Sodium propanoate is a salt of a weak acid and a strong base, which will undergo hydrolysis and cause an increase in pH. Since the sodium ion is a spectator ion, we focus on the equilibrium of the propanoate ion, \(\mathrm{C}_{3} \mathrm{H}_{5} \mathrm{O}_{2}^{-}\), in the water, which contributes \(\mathrm{OH}^-\) ions: \(\mathrm{C}_{3} \mathrm{H}_{5} \mathrm{O}_{2}^{-} + \mathrm{H}_{2} \mathrm{O} \leftrightharpoons \mathrm{HC}_{3} \mathrm{H}_{5} \mathrm{O}_{2} + \mathrm{OH}^{-}\) We can find the \(K_\mathrm{b}\) value for the propanoate ion by using the relationship between \(K_\mathrm{a}\), \(K_\mathrm{b}\) and \(K_\mathrm{w}\): \(K_\mathrm{b} = \dfrac{K_\mathrm{w}}{K_\mathrm{a}}\) Let \(x\) be the concentration of propanoate ions that underwent hydrolysis forming hydroxide ions.

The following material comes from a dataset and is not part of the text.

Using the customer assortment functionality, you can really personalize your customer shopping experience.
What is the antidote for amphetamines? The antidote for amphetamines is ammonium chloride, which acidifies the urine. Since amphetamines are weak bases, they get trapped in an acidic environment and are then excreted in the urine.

At equilibrium, the concentrations are: \(\mathrm{C}_{3} \mathrm{H}_{5} \mathrm{O}_{2}^{-}: 0.100-x \) \(\mathrm{HC}_{3} \mathrm{H}_{5} \mathrm{O}_{2}: x\) \(\mathrm{OH}^{-}: x \) Now, we can write the \(K_\mathrm{b}\) expression: \(K_\mathrm{b}=\dfrac{[\mathrm{HC}_{3} \mathrm{H}_{5} \mathrm{O}_{2}][\mathrm{OH}^{-}]}{[\mathrm{C}_{3} \mathrm{H}_{5} \mathrm{O}_{2}^{-}]}\) Using the equilibrium concentrations and calculating \(K_\mathrm{b}\) from \(K_\mathrm{a}\) and \(K_\mathrm{w}\), we can solve for \(x\) to get the hydroxide ion concentration. Then, we can calculate the \(pOH\) and \(pH\) values accordingly.

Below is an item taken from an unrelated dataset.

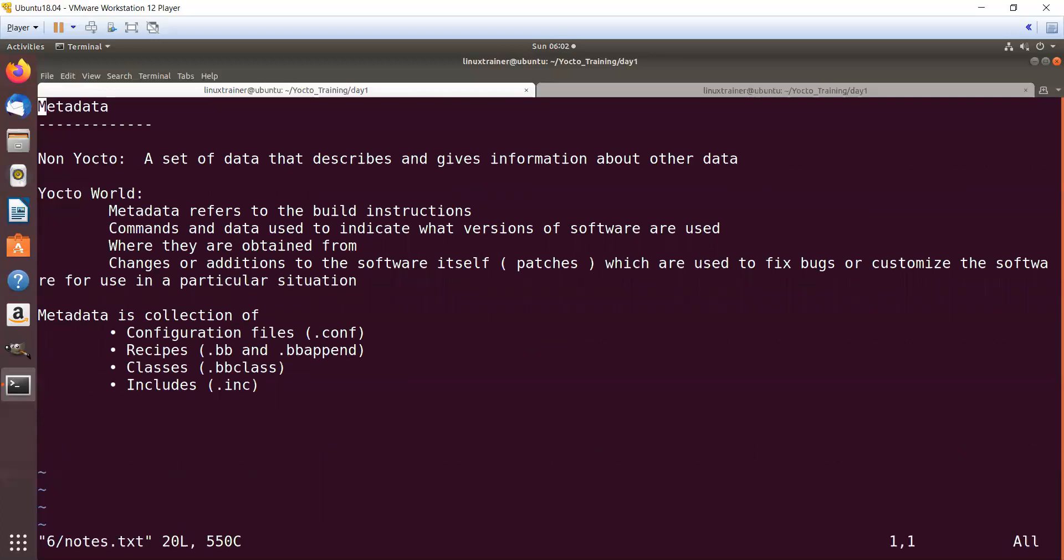Which I need to apply. So metadata is nothing but the build instructions. For example, what should be the metadata for the kernel? It should be how to build this kernel.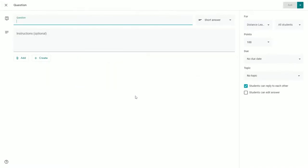Once you click Question, you will notice the interface looks very similar to Assignments and Materials with a couple of minor differences. The space at the top, instead of being a space for a title, is where you can pose your question.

Pure water acts as both an acid and a base and undergoes auto-ionization, resulting in very low concentrations of both hydroxide and hydronium ions. \(\mathrm{H}_{2} \mathrm{O} \leftrightharpoons \mathrm{H}^{+} + \mathrm{OH}^{-}\) At 25 °C, the \(K_\mathrm{w}\) value is \(1.0 \times 10^{-14}\). Since in pure water the concentrations of hydronium and hydroxide ions are equal, we can write: \(K_\mathrm{w}=[\mathrm{H}^{+}]^2\) \(\mathrm{pH}=-\log\left( [\mathrm{H}^{+}] \right)\) We can substitute the \(K_\mathrm{w}\) value into the equations to find the pH of pure water, which should be close to 7.

We now need to analyze a mixture containing both the weak acid and its conjugate base, \(\mathrm{HC}_{3} \mathrm{H}_{5} \mathrm{O}_{2}\) and \(\mathrm{NaC}_{3} \mathrm{H}_{5} \mathrm{O}_{2}\). This is a buffer system. The buffer system's pH can be found using the Henderson-Hasselbalch equation: \(pH = pK_\mathrm{a} + \log \left(\dfrac{[\mathrm{C}_{3} \mathrm{H}_{5} \mathrm{O}_{2}^-]}{[\mathrm{HC}_{3} \mathrm{H}_{5} \mathrm{O}_{2}]}\right)\) We are given the initial concentrations of both species, so we can simply substitute them into the equation to compute the mixture's pH.